Dispelling Myths About Suboxone Withdrawal and Suboxone Treatment

Dispelling Myths About Suboxone Withdrawal and Suboxone Treatment

Suboxone is a medication that has been approved by the FDA to treat addiction to opiates – prescription pain pills such as Oxycodone, Oxycontin,
Percocet, Vicodin and heroin and fentanyl. Buprenorphine is a long-acting, high-affinity partial agonist at the mu opioid receptor. It prevents withdrawal symptoms and craving and stabilizes the opioid receptors. It blocks other opioids from binding to the opioid receptors preventing abuse of other opioids. It also does not intoxicate the user. Fortunately Suboxone withdrawal management and Suboxone treatment in New Jersey are
available at many locations: Warren county, Middlesex county, Essex county, Bergen county, Monmouth county, Somerset county, Ocean
county, Hunterdon county, Union county, Hudson county, Salem county, Mercer county, Passaic county, Morris county, Sussex county, Atlantic
county, etc.

While the primary ingredient in Suboxone is buprenorphine, it also contains a small amount of naloxone. Buprenorphine directly mitigates opiate withdrawal symptoms and cravings, while naloxone prevents an overdose in the event that the patient being treated with Suboxone for opiate dependency relapses on opiates. The role of naloxone in the medication cannot be overemphasized. When a patient who is dependent on opiates stops its use and instead utilizes Suboxone (or other variants) to eliminate withdrawal symptoms and cravings, their tolerance for opiates decreases quickly. In the event the patient relapses on opiates and uses the same quantity or dosage of opiates as before starting treatment, they could overdose due to reduced tolerance for the drug. The Naloxone in the Suboxone sharply reduces the probability of overdose by preventing the opiates from binding to the opiate receptors.

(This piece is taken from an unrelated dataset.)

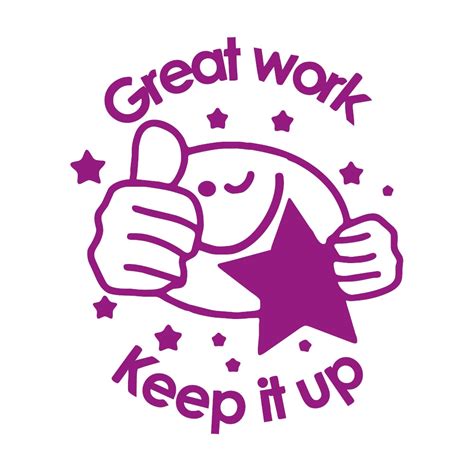 Purple Great Work Keep it Up Stamper - SuperStickers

As per the National Institute of Health, buprenorphine significantly lowers the risk of mortality and adverse outcomes. Buprenorphine is superior to methadone for tolerability, but equivalent in effectiveness. Patients on maintenance buprenorphine after detox, also known as MAT, had lower
rates of HIV and hepatitis transmission.

Buprenorphine can be abused when used intravenously or intranasally. The buprenorphine + naloxone combination, such as in Suboxone, ensures that buprenorphine is not abused. Despite the proven efficacy of buprenorphine in treating addiction to opiates, it is not a panacea.
Medication assisted treatment, or MAT utilizing buprenorphine needs to be combined with therapy so that needed life style changes can be effected in order to facilitate long-term recovery. Buprenorphine molecules bind with the same receptors in the brain as opium and other intoxication inducing drugs like heroin, fentanyl, morphine, and oxycodone. Therefore, there are many misconceptions about Suboxone and buprenorphine, the main one being that it is a “drug-for-drug” substitution, so it does not really address the addiction.

Here are some misconceptions about Suboxone:

Medication Assisted Treatment or MAT, utilizing Suboxone or buprenorphine is substituting one drug for another

Suboxone and buprenorphine are FDA approved medications, and, if used, as prescribed, it is not a substance of abuse. They are stable, safe, long-
acting medications with a ceiling effect. They do not deliver a high.

Utilizing Suboxone or buprenorphine is so much safer than just using willpower because it reduces cravings and fully addresses opiate withdrawal symptoms, significantly lowering the probability of a relapse.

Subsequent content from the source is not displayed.